A Thanksgiving Day phone call to an elderly aunt who sent a Thanksgiving note and a little monetary help....  She had written to remind:  Count our blessings.  When the aunt answered her phone, she admitted she has been depressed due to weakening eyes and other ails, and facing giving up her car.  She has to adapt to a nursing facility in which most of the other residents do not have as clear minds nor desire stimulating conversations of some substance.  She admits she must try to do what she can to rise beyond these facts of life.  "It is as it is," we each concluded to our individual situations.

The hermit mentioned to her the aspect of not being able to get the hermitage more livable.  By now, it is obvious that there is no point in trying to hire workers from this area, for the hermit has been repeatedly financially raped and lied to in the past 20 months or more.  The aunt knows this, too, and agrees.  We accept.  She wishes there would be at least a plumber to help, but no, not one, not yet.  The birds get in, probably through a rotted fascia board not replaced when the men put on a new roof.  The hermit opens a window and tries to guide them out with the end of a broom motioning the way.

The rats have not been back in for awhile, but they are decomposing under the house.  There is no one to help.  But, the aunt mentions surely this hermit will be having a Thanksgiving meal with the daughter and her family?  No, all the adult children and their families, in various parts of the country, are flying to their father and his wife's lovely home overlooking a golf course, in yet another state.

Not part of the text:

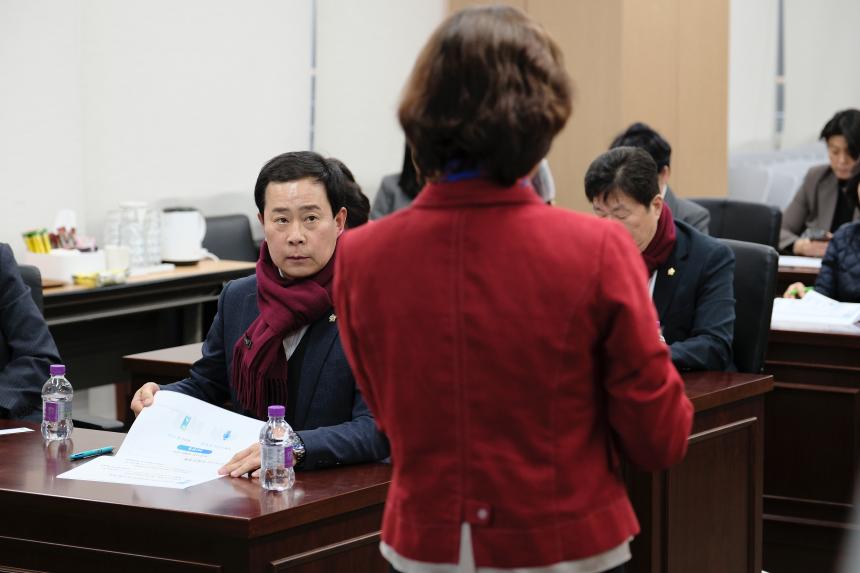 마포구의회 사회적 장애 인식개선 교육 - 1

The aunt was stunned.  This hermit mentioned reading in a spiritual book [The Ladder of Divine Ascent] that to hold on to past hurts is to keep malice in and be chained to bitterness.  Just because family and friends have lived through with the hermit, the past years of abuse from the marriage and divorce, and the tough times rearing the children and putting much into that good, does not mean that we all should think that others do not have a right to do as they wish.  Yet, the reality now is stark.

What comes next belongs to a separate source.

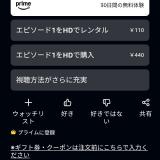 3220364
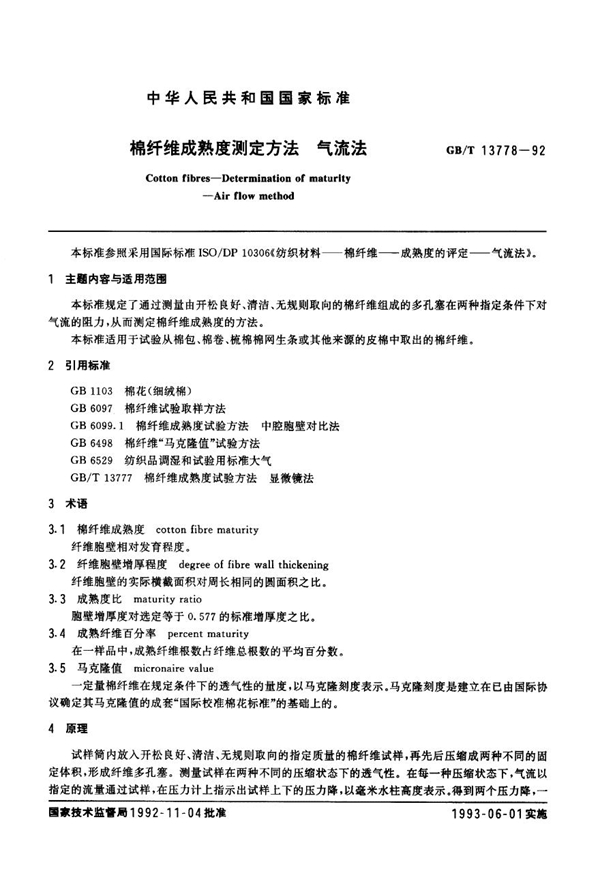 GB 13778-1992 棉纤维成熟度测定方法 气流法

So these tears this morning have been a mix of the very base roots of physical pain (my, how the body aches with pain!), plus some reminders of past wounds (valid enough), plus then thoughts of this hermit's sins as well as how sin causes divisions (even if we did not perpetrate the particular sins that caused the division), as well as thoughts on hope and hopelessness, helplessness and dependency on God, and finally, that death is a purposeful reality.

The hermit made another phone call to a woman who had sent a note a week ago...a lovely note!  It knew the woman and her husband would be at their adult children's for this Thanksgiving Day, but it wanted to wish them a happy day as well as say thanks for the kind note.  The hermit's voice began to crack with weeping; and those tears, left as a message for them later, came from the source of love of this friend and the fondness of her goodness.

It is time to attempt dressing and doing a bit of manual labor, but if tears continue to flow--and they can be interior tears that do not fill the eyes or wet the cheeks--they are yet tears.  The mind and will can pray that the tears increasingly fill all tributaries emptying into the river and then to the sea, as tears graduating from the lower sources to the holy tears of God as Source.  

Weep for the love of God and recognition of our lowliness, and weep that we are aliens in a  strange land, that we are not yet there but are making progress.  To weep with all aspects of body, mind, heart and soul, is to weep in humility, as one in rags on the dungheap.  This is mourning that transcends knowledge or thinking with the head.  These tears mix with His Tears and flow into eternity as one whose tears will become joyful laughter.

God bless His Real Presence in us!  Little children, let us love one another!  God Is Love!  Remain in His Love!